7th Director-General of the Shanghai State Security Bureau
- In office 1 April 2020 – 2023
- Preceded by: Dong Weimin
- Succeeded by: Zhu Weikang

Director of the Zhejiang State Security Department
- In office 1 August 2016 – 1 April 2020
- Preceded by: Wang Han
- Succeeded by: Unknown

Personal details
- Born: January 21, 1963 (age 63) Longyou County, Zhejiang, China
- Party: Chinese Communist Party
- Education: Communication University of Zhejiang Central Party School
- Espionage activity
- Country: China
- Agency: Ministry of State Security Ministry of Public Security
- Service years: 1980–present

= Huang Baokun =

Chinese retired intelligence officer and police officer

Huang Baokun is a Chinese retired intelligence officer and police officer who led provincial units of both the Ministry of State Security (MSS) and the Ministry of Public Security (MPS). His final role, director-general of the Shanghai State Security Bureau, ended in disgrace after he was publicly accused of raping the daughter of a subordinate. Regarded as a member of Xi Jinping's faction of the Communist Party (CCP), he is currently a member of the Shanghai provincial committee of the Chinese People's Political Consultative Conference, a semi-retirement role.

== Early life and education ==
Huang was born in January 1963 in Longyou County, Zhejiang. He began his career with the Ministry of Public Security in December 1982 and joined the Chinese Communist Party (CCP) in January 1985. From 1985 to 1988, Huang took law courses at the Communication University of Zhejiang but left without a degree.

Later in his career, Huang returned to school to finish his bachelor's degree in law from 1999 to 2001 through the correspondence college of the CCP Central Party School. Afterward, from 2002 to 2005, he attended graduate school within the Party School of the Zhejiang Provincial Party Committee.

== Public security career ==
Huang began his career as an ordinary police officer at the Chengxi Police Station of the Jinhua Public Security Bureau (PSB) in 1982. By 1983, he had moved to the Criminal Investigation Team of the Wucheng District Bureau of the Jinhua PSB, where he remained until August 1992. In 1992 he made captain, leading the Criminal Investigation Detachment at the Jinhua PSB. In 1997, he was made deputy chief of the Economic Investigation Detachment.
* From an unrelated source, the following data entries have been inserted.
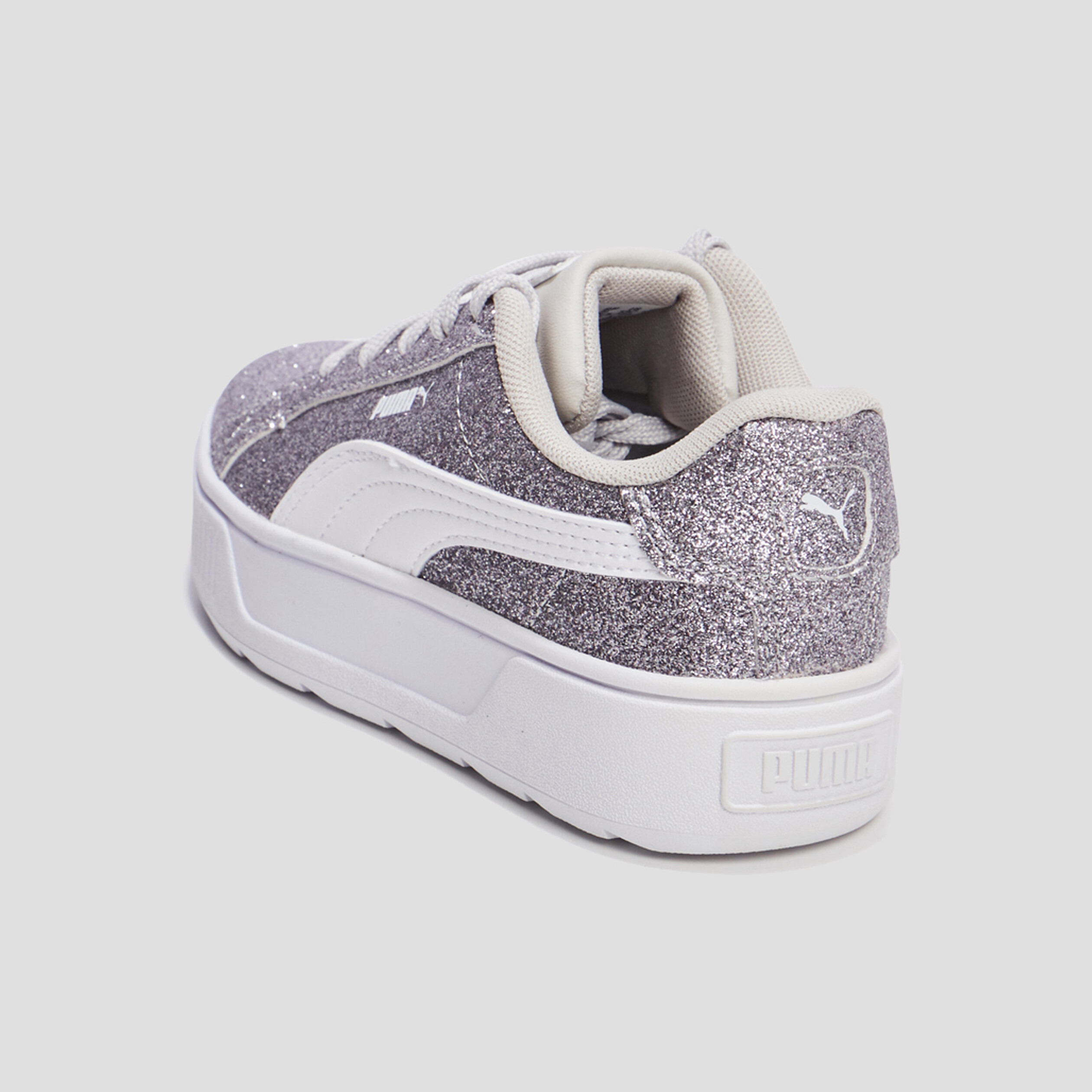 Puma platform argent outlet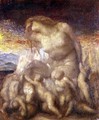 Study for 'Evolution' - George Frederick Watts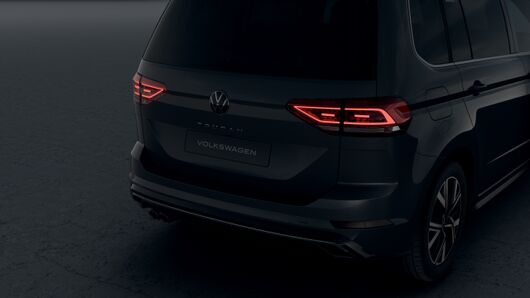 Bild eines Touran R-Line TDI DSG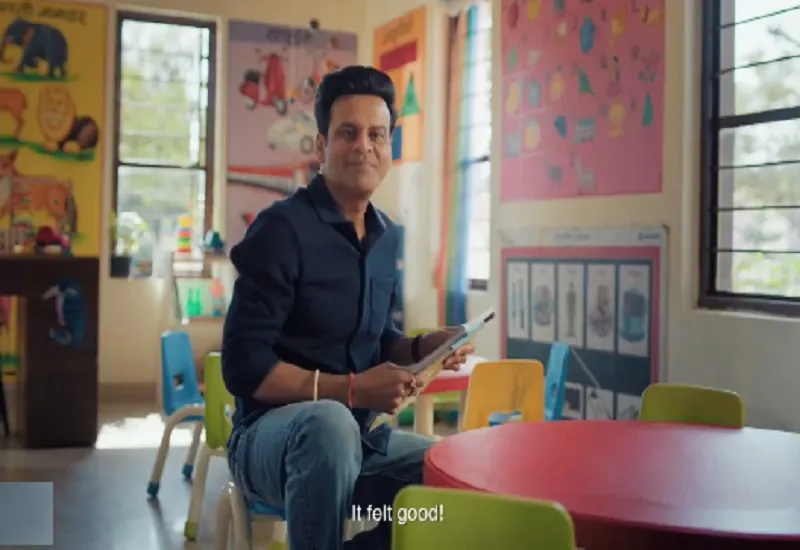 VIDEO : 'नंद घर मुहिम' से जुड़े मनोज बाजपेयी, बच्चों-महिलाओं के जीवन को बेहतर बनाना लक्ष्य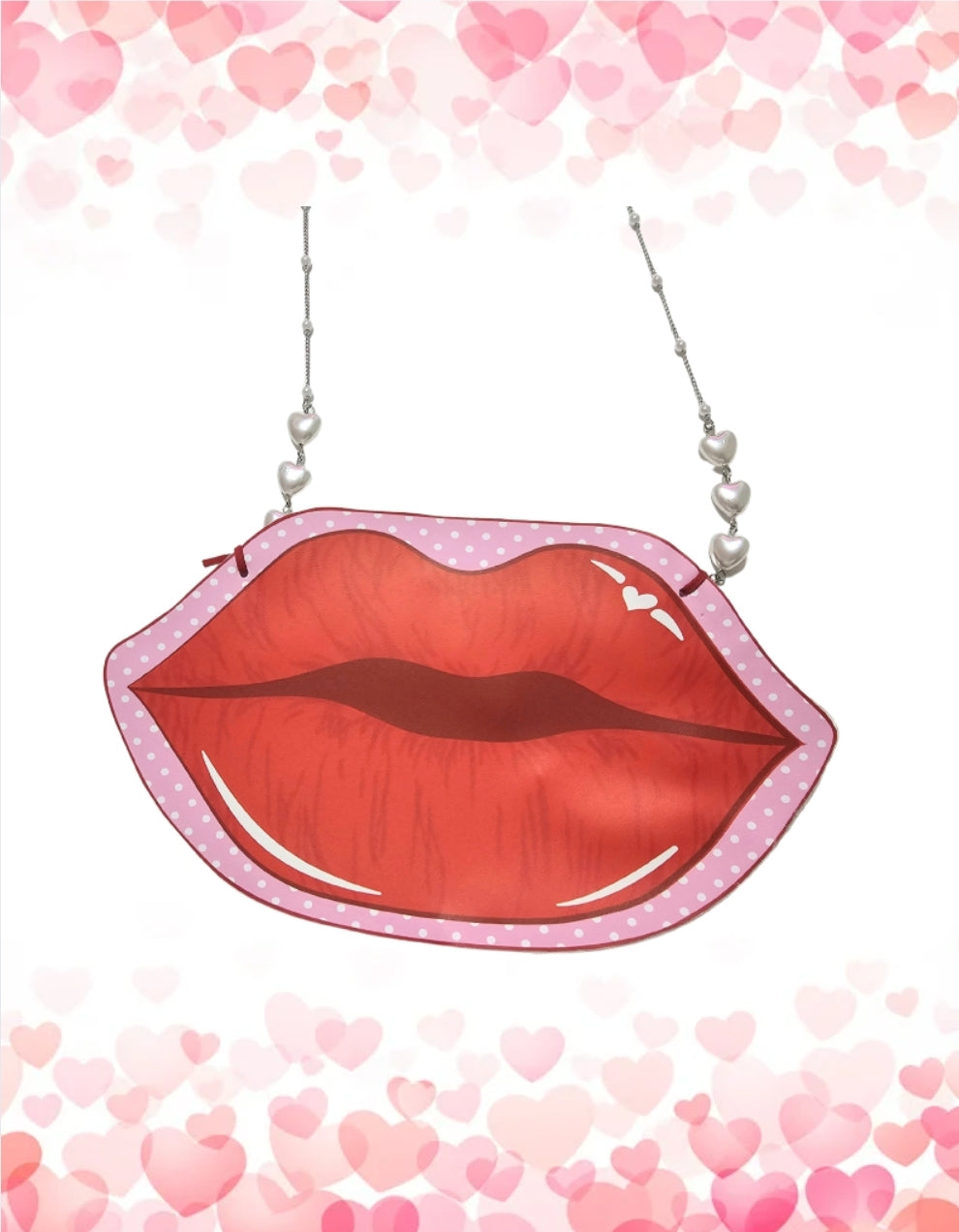 Lips Purse | LovelyExpressionLLC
The following year he was made deputy director of the Jinhua PSB's Jiangnan Branch. From 1999 to 2001, he returned to his prior role as captain of the Criminal Investigation Detachment. Huang began to ascend the provincial MPS hierarchy in April 2001, transferring out of Jinhua to accept an appointment as director of the Public Security Bureau for Dongyang city. He led the bureau until January 2004 when he was transferred again and made director of the Yiwu city PSB.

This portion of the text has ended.